Nonprofits to share $137 million from MacKenzie Scott
When a nonprofit serving L.A.’s homeless population and foster youths applied last year for a slice of billionaire philanthropist MacKenzie Scott’s latest round of giving, it hoped to get $1 million.
Instead, the team at Youth Emerging Stronger learned this week it was one of almost 300 community groups nationwide to be awarded $2 million.
“It doubled the amount that we were hoping for,” said Mark Supper, chief executive and president of Youth Emerging Stronger, adding that they were “a bit dumbfounded by it, but we’re so happy.”
Scott, who co-founded Amazon with her now exhusband, Chief Executive Jeff Bezos, donated $640 million to more than 350 community groups nationwide, more than doubling the amount she initially planned to give, according to Yield Giving, Scott’s website. Of that, $137 million went to 76 organizations serving Californians. The majority received $2 million, but about 80 organizations received $1 million. Supper’s nonprofit was among 25 Southern California groups that shared $47 million.
“For us, it’s a transformational kind of gift,” Supper said. “It allows us to really think long term in our strategies and our approaches.”
Supper said his team was still working on specific plans for how to use the money. But he said it will definitely focus on expanding housing and mental health services for the vulnerable youths age 12 to 24 whom it serves.

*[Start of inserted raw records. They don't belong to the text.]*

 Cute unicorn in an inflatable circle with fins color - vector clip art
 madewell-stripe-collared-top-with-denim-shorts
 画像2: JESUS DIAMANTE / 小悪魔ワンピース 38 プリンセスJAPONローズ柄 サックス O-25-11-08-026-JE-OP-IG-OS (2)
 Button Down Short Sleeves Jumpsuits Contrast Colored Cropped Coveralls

More than 6,000 applicants responded to Scott’s open call for “communityled, community-focused organizations whose explicit purpose is to advance the voices and opportunities of individuals and families of meager or modest means, and groups who have met with discrimination and other systemic obstacles.”
Among other Southern California awardees are the LGBTQ Center in Long Beach; environmental justice group Pacoima Beautiful; Reality Changers, a San Diego group working with first-generation college students; the California Native Vote Project, which advocates for the Native American community; and Achievable Health, which provides healthcare to people with intellectual and developmental disabilities.

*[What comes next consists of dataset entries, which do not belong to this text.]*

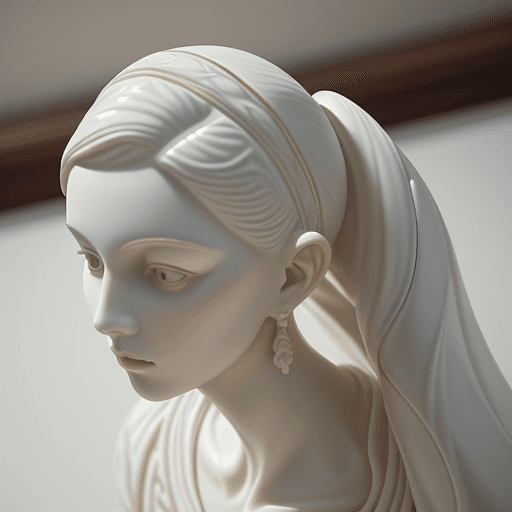 AI generated: Intricate angle shot of a woman, porcelain made, masterpiece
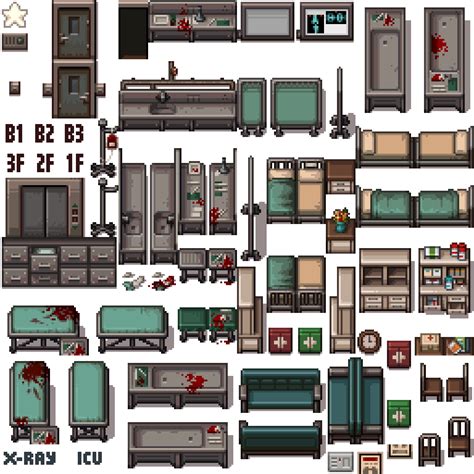 Retro Hospital Objects Rpg Tileset Free Curated Assets For Your Rpg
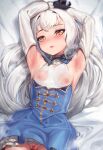  1girl armpits bed_sheet black_gloves breasts censored collarbone corset covered_nipples detached_sleeves fate/grand_order fate_(series) gloves heart heart-shaped_pupils heart_censor highres long_hair looking_at_viewer melusine_(fate) nipples no_panties padoruu see-through small_breasts solo sweat symbol-shaped_pupils white_hair white_sleeves yellow_eyes 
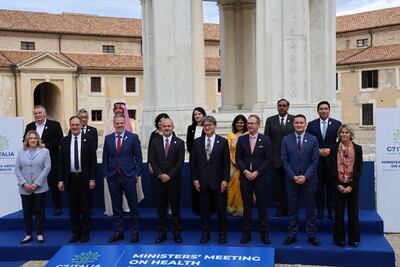 Italian Health Minister Orazio Schillaci, centre left, hosted G7 colleagues in Ancona as well as guests such as Saudi Arabia and Albania. EPA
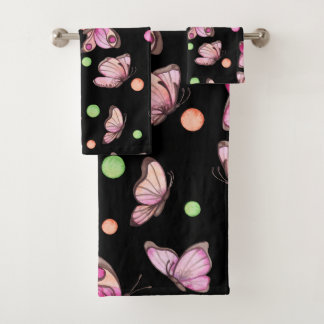 Beautiful Butterfly & Polka Dots - Bath Towel Set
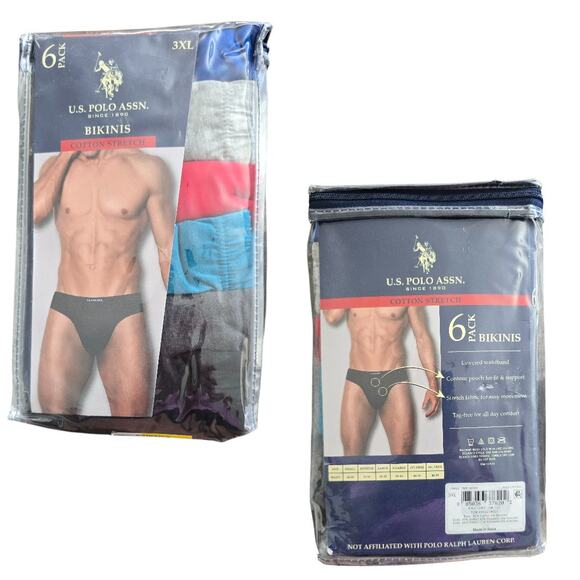 U.S. Polo Assn. Bikini Briefs Men's 3XL, 6 Pack Assorted Colors NWT - Picture 4 of 4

“We were just jumping up and down with joy when we heard this was happening,” said Carmen Ibarra, the chief executive of Achievable Health, based in Culver City.
“It comes at just the right time,” she said, as the organization’s community health center is working on plans to expand to provide services to more people with intellectual and developmental disabilities, who she said are “often underserved and overlooked in healthcare.”
This round of donations follows many others from Scott, who has pledged to donate more than half of her wealth, which is estimated at about $32 billion, according to Forbes. Scott has typically given to organizations without an application process, but this time she worked with philanthropic group Lever for Change to analyze the thousands of applicants.
“Grateful to Lever for Change and everyone on the evaluation and implementation teams for their roles in creating this pathway to support for people working to improve access to foundational resources in their communities,” Scott wrote on her website Tuesday.